How much easier everything looks when you can't see a thing.
Ikey wanted to stay on the farm and care for the uncle who made him a master mechanic, but a lost bet with the Admiral changed everything.
Forced to accompany the Admiral to Whitby, Ikey is soon in the thick of the Admiral's secret project--an airship like no other, one that will seal Great Britain's victory in World War I. Trapped in a strange, new world, and apprenticed to a gruff but brilliant engineer named Cross, Ikey seeks comfort in the company of Cross's mysterious wife, Rose. She obscures her face with a veil and keeps the house dark at all hours. Her impossibly long, beautiful fingers stop Ikey’s breath and leave him wondering about her nature.
As Ikey works to unravel Rose's secrets, he is caught up in a web of lies and deceit that threatens the airship, his relationship with Rose, and even his very life.
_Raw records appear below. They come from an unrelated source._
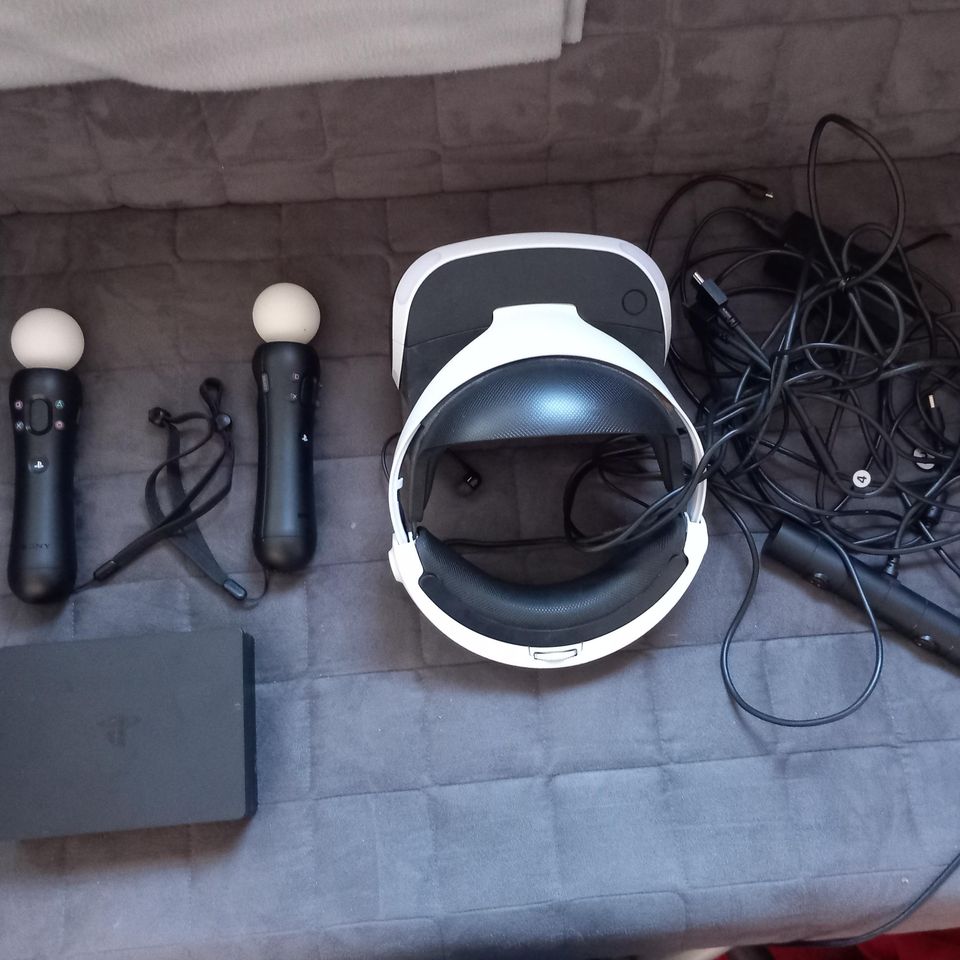 PS VR V2
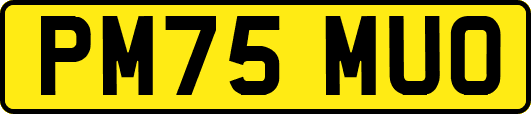 PM75MUO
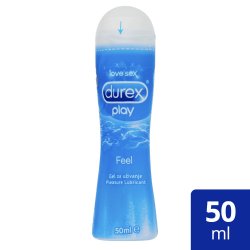 DUREX PLAY FEEL LUBRIFIANT 50ML image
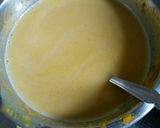 豆乳かぼちゃクリームパスタ作り方3写真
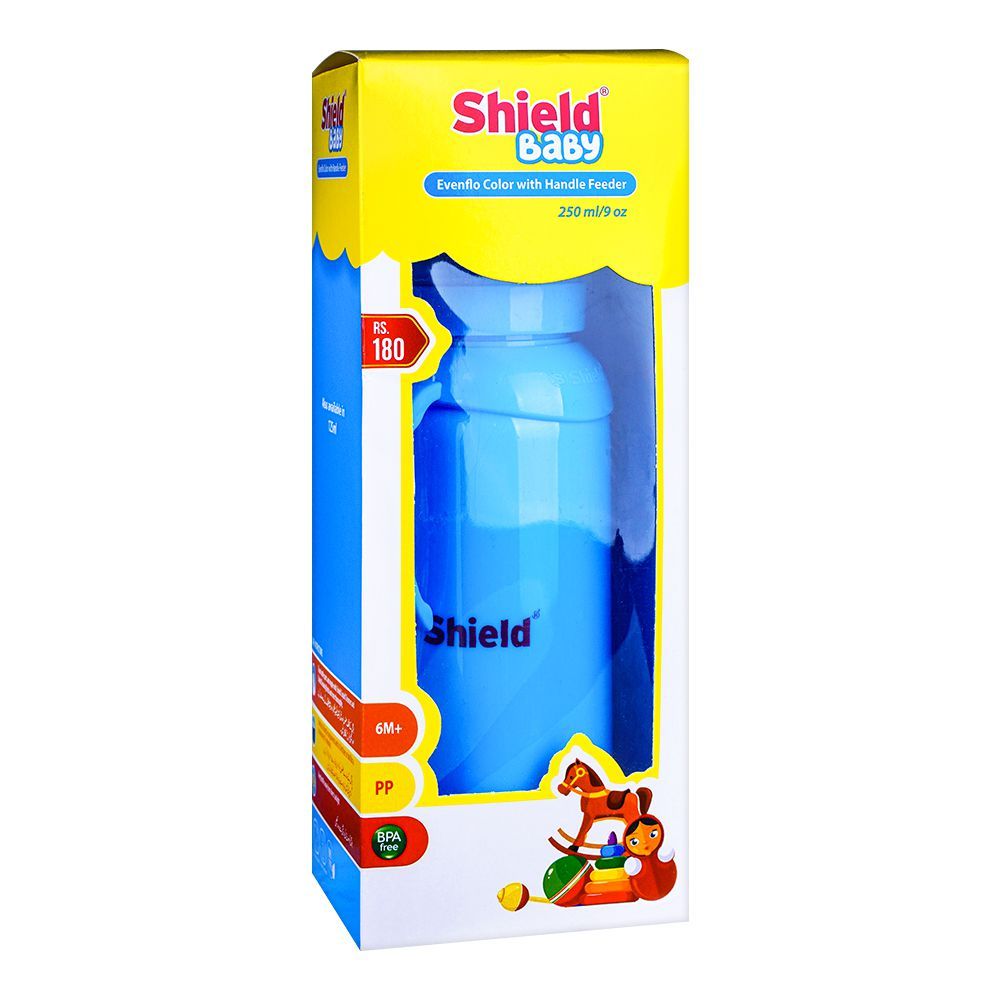 SHIELD DELUX PLUS FEEDER 60 ML
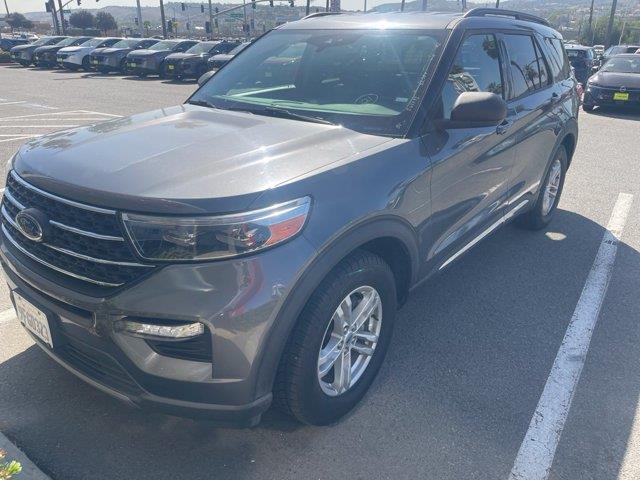 2023 Ford Explorer - $25,777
Challenged from all sides, Ikey must decide what he values most, and what price he will pay for love.
Self-published, but perfectly edited and technically the writer's skills were good. I thought I would finish this book, at first the story did interest me, but there was one issue: All the characters hated the main character and hated each other. They were all so miserable and all so mean, it drained all the enjoyment from reading it.
Plot: Set in what seemed like an alternate real world, sometime around WW1 maybe, a boy and his uncle repaired mechanical things for all the farms of their area. One day a high ranking military man arrived and recruited the boy to be an apprentice at the factory building a military air ship. This should have been a turn for the better, but the boy went from an physically abusive home life to a mentally/emotionally abusive life in the new city.
I made it to nearly the halfway point (46%) before DNFing it. The plot really slowed down and every single character other than the main character was simply a miserable, abusive bastard.